Supplied material
——————
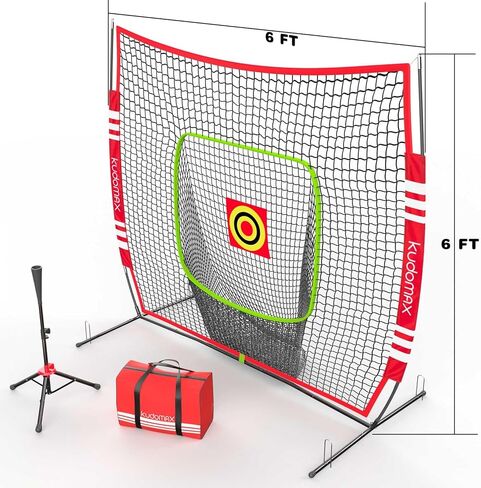 Baseball/Softball 6×6FT Kids Practice Net for Hitting & Pitching,Stable Bow Frame, Batting Tee, Target and Strike Zone for Throwing, Most Suitable for Kids and Teenager in Saudi Arabia
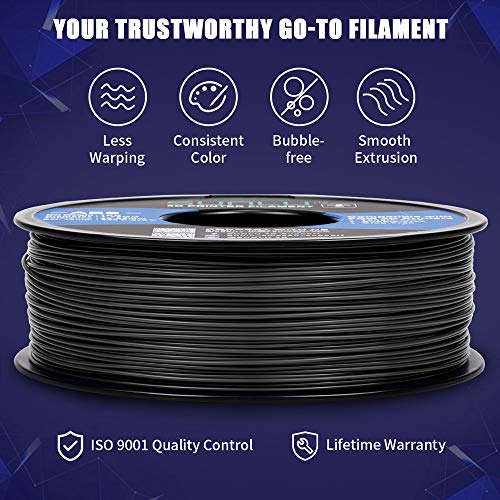 SUNLU ABS Filament 1.75mm for FDM 3D Printer, 1KG(2.2LBS) ABS 3D Filament Accuracy +/- 0.02 mm, Black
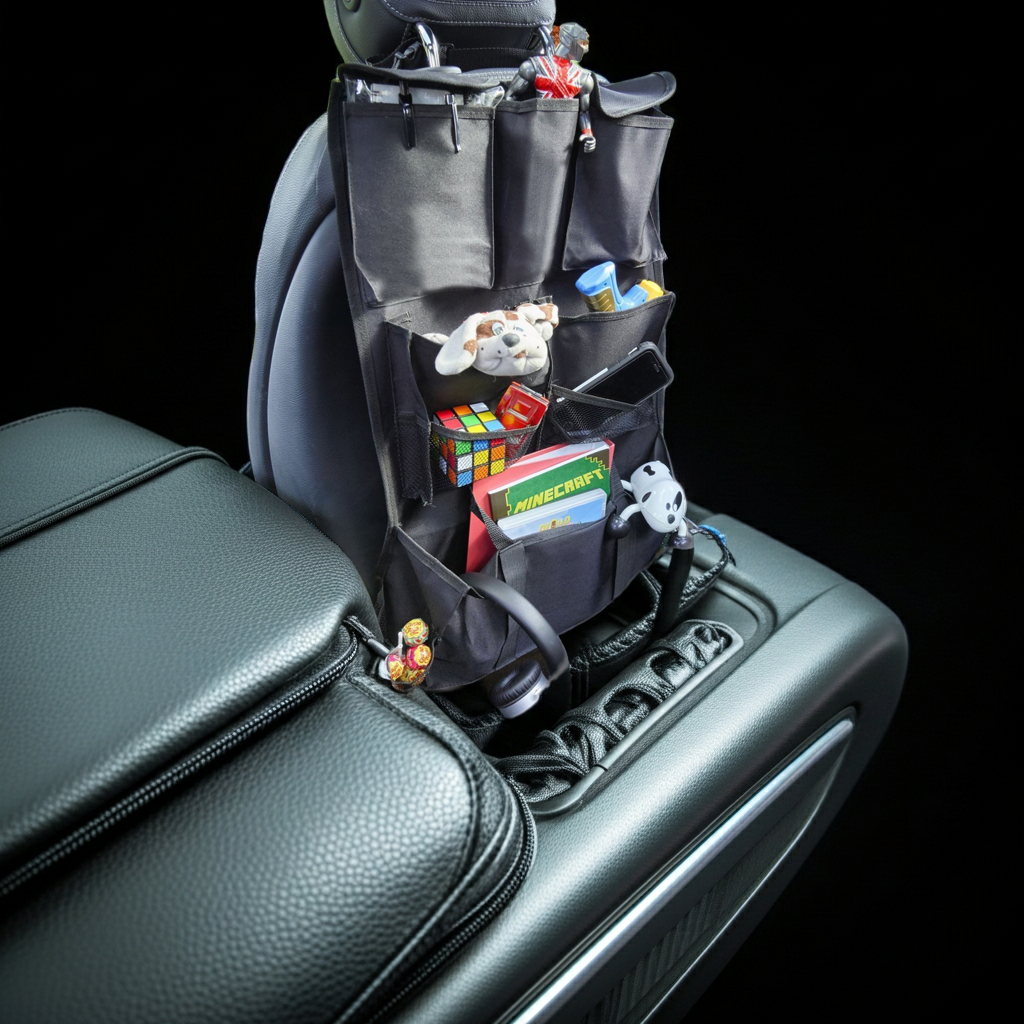 1 & 2 Deluxe Multi Pocket Hanging Car Back Seat Pouch Storage Organiser - Black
——————
Task details
Reproduce the listing word for word, but keep the pictures out of it.

Response to this exercise
 Baseball/Softball 6×6FT Kids Practice Net for Hitting & Pitching,Stable Bow Frame, Batting Tee, Target and Strike Zone for Throwing, Most Suitable for Kids and Teenager in Saudi Arabia
 SUNLU ABS Filament 1.75mm for FDM 3D Printer, 1KG(2.2LBS) ABS 3D Filament Accuracy +/- 0.02 mm, Black
 1 & 2 Deluxe Multi Pocket Hanging Car Back Seat Pouch Storage Organiser - Black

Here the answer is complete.